How the other side thinks

Moral Foundations Theory holds that people have 6 fundamental principles (or “foundations”) which they use to support their moral beliefs: Care for others Fairness Liberty Loyalty to your group Obedience to authority Moral sanctity or purity Conservatives tend to believe in 5 or more pillars, but are particularly strong in their belief in loyalty, obedience and moral purity. Liberals (like me) tend to have little or no belief in obedience or sanctity, and very little concern for loyalty.

Deontological ethics and the gun problem

First, some background on recent studies in social science: The study by Jared Piazza of the University of Pennsylvania and Paulo Sousa of Queen’s University Belfast, which included a total of 688 participants, found religious individuals and political conservatives consistently invoked deontological ethics. In other words, they judged the morality of actions based on a universal rule such as, “You should not kill.” Political liberals, on the other hand, consistently invoked consequentialist ethics, meaning they judged the morality of actions based on their positive or negative outcomes.

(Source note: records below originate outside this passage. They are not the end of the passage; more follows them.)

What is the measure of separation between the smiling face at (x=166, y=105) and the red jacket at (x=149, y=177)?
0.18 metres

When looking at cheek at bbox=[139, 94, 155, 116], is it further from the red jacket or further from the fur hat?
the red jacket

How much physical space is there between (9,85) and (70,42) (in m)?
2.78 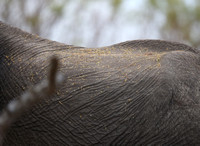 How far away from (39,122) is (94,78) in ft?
1.64

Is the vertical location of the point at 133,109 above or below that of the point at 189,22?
below

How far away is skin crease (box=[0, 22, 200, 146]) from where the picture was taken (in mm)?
2086

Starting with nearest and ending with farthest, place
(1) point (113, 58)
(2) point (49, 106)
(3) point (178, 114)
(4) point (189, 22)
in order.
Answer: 1. (3) point (178, 114)
2. (2) point (49, 106)
3. (1) point (113, 58)
4. (4) point (189, 22)

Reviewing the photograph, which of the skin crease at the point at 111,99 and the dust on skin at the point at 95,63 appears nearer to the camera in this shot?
the skin crease at the point at 111,99

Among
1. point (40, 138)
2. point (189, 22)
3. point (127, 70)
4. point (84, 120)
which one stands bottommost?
point (40, 138)

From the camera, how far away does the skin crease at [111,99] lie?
2086 mm

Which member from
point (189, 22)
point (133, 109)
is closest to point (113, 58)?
point (133, 109)

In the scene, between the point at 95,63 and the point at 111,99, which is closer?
the point at 111,99

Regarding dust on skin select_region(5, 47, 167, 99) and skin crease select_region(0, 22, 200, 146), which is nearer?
skin crease select_region(0, 22, 200, 146)

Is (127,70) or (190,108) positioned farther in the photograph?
(127,70)

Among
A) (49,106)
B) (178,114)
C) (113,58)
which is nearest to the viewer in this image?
(178,114)

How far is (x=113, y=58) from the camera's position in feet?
7.89

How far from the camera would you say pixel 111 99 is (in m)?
2.17

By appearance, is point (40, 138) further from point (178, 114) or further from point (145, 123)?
point (178, 114) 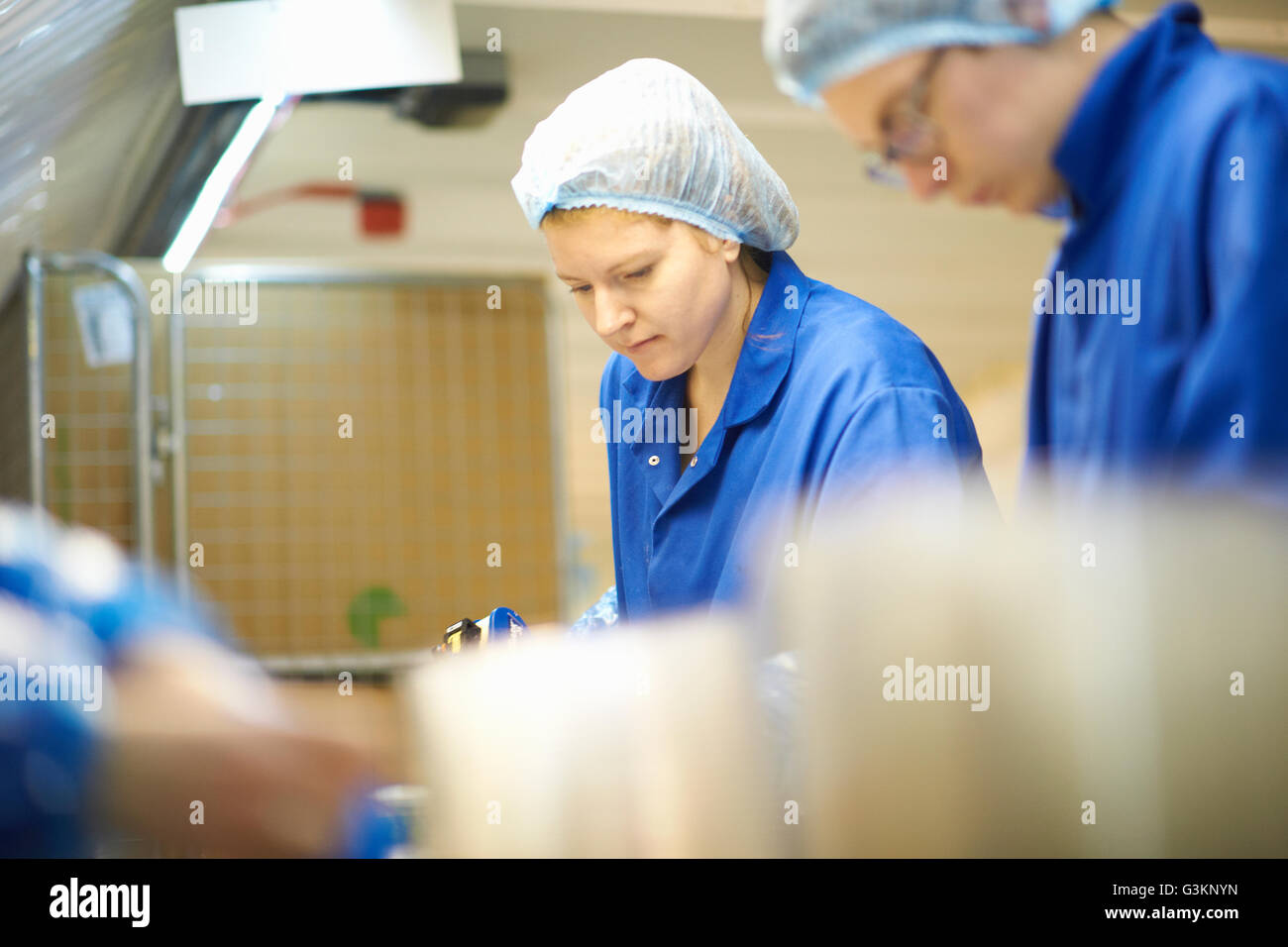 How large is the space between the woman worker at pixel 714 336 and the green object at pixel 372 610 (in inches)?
42.0

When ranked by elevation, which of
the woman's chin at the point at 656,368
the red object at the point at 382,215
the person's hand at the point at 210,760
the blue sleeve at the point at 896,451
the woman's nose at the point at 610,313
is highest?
the red object at the point at 382,215

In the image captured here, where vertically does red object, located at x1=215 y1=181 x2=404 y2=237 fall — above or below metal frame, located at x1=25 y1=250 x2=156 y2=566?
above

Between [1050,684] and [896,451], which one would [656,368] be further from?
[1050,684]

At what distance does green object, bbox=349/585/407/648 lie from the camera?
2045mm

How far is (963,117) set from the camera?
2.44 ft

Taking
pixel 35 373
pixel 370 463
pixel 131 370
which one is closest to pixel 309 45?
pixel 35 373

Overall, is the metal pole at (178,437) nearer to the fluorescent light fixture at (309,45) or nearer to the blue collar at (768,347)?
the fluorescent light fixture at (309,45)

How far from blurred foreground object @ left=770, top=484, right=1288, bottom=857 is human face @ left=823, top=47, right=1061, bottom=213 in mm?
228

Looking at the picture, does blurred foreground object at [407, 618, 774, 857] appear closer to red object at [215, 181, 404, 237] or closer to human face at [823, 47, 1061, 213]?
human face at [823, 47, 1061, 213]

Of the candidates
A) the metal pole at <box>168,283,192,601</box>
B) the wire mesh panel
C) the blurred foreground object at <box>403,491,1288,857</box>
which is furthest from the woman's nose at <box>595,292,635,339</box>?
the metal pole at <box>168,283,192,601</box>

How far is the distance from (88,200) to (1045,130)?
1420 millimetres

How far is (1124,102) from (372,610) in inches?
63.7

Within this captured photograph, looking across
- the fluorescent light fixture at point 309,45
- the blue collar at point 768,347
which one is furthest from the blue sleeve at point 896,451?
the fluorescent light fixture at point 309,45

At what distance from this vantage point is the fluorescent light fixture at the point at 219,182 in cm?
125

In my view, any rule-based moral system will inevitably give “wrong”, “evil” or “immoral” answers to moral questions under certain circumstances. They may be unlikely circumstances, but I’ve never met a moral code which didn’t fall down under some sets of conditions, recommending behaviour which I would deem unacceptable. My view of morality is that it is a cache of pre-generated guidelines for resolving moral questions. We cannot hope to reason out an answer every time we are confronted with a moral problem, so we build rules which attempt to encode an approximation of moral reasoning in easy-to-remember formulae.